Звеньевой путь, местами уложенный ещё 12-метровыми рельсами, на которых колёса несчастного вагончика начинали стучать в два раза чаще, периодически начинал напоминать «американские горки». Тем не менее наш локомотив героически бежал по этим ухабам со скоростью между 60 и 70, лишь очень изредка сбрасывая газ до скоростей меньше сорока. На «Разъезде 96 км» сверкала миллионами огней не хуже центральных улиц Астаны знаменитая новенькая экспортная нефтебаза с наливным терминалом – все остальные полустаночки подсвечивались еле-еле…
Километров за двадцать до Джезказгана наш поезд клюнул носом и начал затяжной пологий спуск в город. Дорога широкими петлями огибала отвалы породы с медного комбината. Затем справа показался посёлок Аварийный: от былого кирпичного завода с двумя шикарными иностранными туннельными печами и майонезными баночками в столовой вместо стаканов, на который я приезжал в командировку пятнадцать лет назад, теперь остались лишь бесформенные руины. Шикарный строительный кирпич Джезказгану и окрестностям оказался не нужен. Через несколько минут наш состав «приземлился» у одноэтажного здания местного вокзала.
По случаю наступавших выходных в этот поезд был добавлен специальный «детский» вагон, предназначенный для бесплатного подвоза детей железнодорожников с крохотных степных разъездиков в школы-интернаты Караганды и Жезказгана. Из этого вагона вывалила целая толпа школьников, приезд которых по какому-то случаю снимала местная телекомпания. Обойдя толпу телевизионных деятелей искусств, я посмотрел, куда поедет привёзший нас тепловоз, и почапал в ту же сторону.
Парочка прокопчёных тепловозным дымом ангаров оказалась в десяти минутах ходьбы от перрона. Табличка на одном из них гласила о том, что это оборотный филиал «ТД-7 Жезказган» жанааркинского локомотивного депо. На путях между ангарами притулились две «половинки» тепловозов – только что пришедшая с нашим поездом и ещё одна такая же. Бригада, приведшая наш поезд, бегала с тряпками вокруг локомотива, протирая и осматривая его перед сдачей. Дежурный начальник смены «ТД-7» по имени Сан Саныч, оформлявший документы другой локомотивной бригаде, уходившей через час в рейс, оказался в курсе насчёт приезда столичного гостя. И минут через пятнадцать, дописав какую-то очередную бумагу, он повёл меня на базу запаса.

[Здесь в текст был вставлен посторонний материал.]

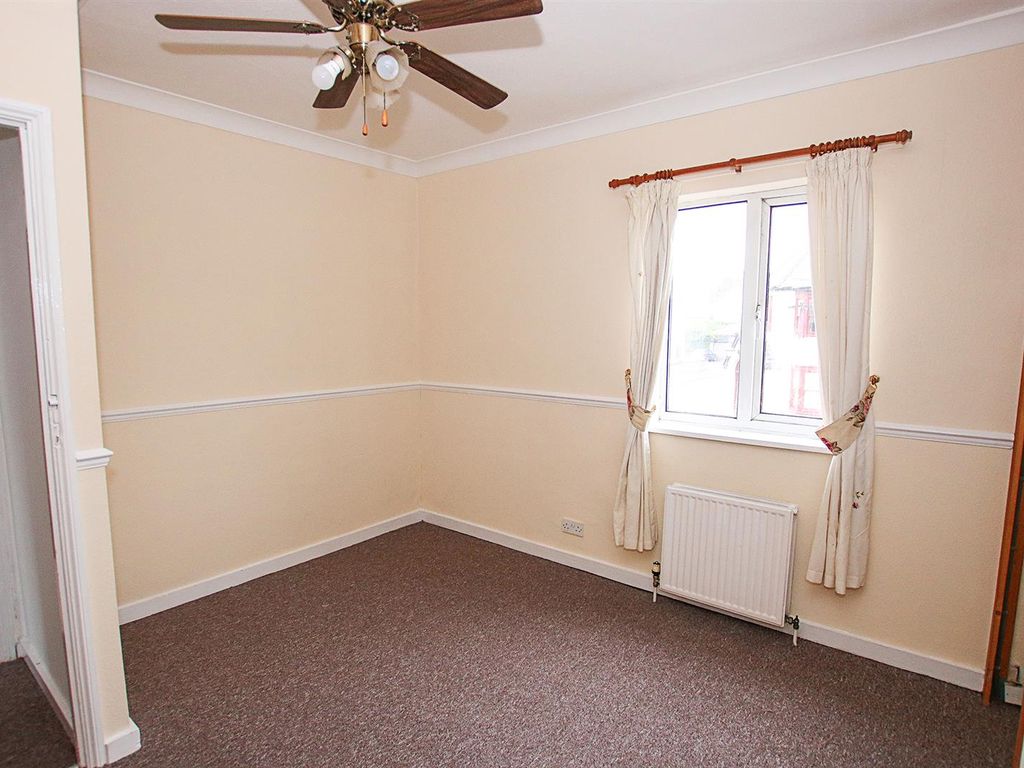 2 bed terraced house for sale in Exning Road, Newmarket CB8, £198,000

От былого жезказганского паровозного величия остались лишь жалкие крохи… Паровозиков в запаснике едва набралось с три десятка, причём там остались только «Л» самых последних их лет выпуска. Ни «Э», ни американских «Еа» уже ни одного не было. Запасник был обнесён проволочным забором, по краям виднелись две сторожевые вышки, а у въезда стояла «будка» охраны – старый довоенный пассажирский вагон без колёс.
Едва мы подошли к воротам, как навстречу немедленно выползли «гоблины»: двое огромных мордоворотов в форме военизированной охраны «ВЖДО». Сан Саныч представил им меня, как столичного корреспондента, интересующегося старой техникой, и попросил пропустить меня на часок внутрь к паровозикам. Двое «гоблинов» как-то сразу потускнели лицами, пошушукались между собой и вызвали из вагона третьего мордоворота – видимо, самого главного из них.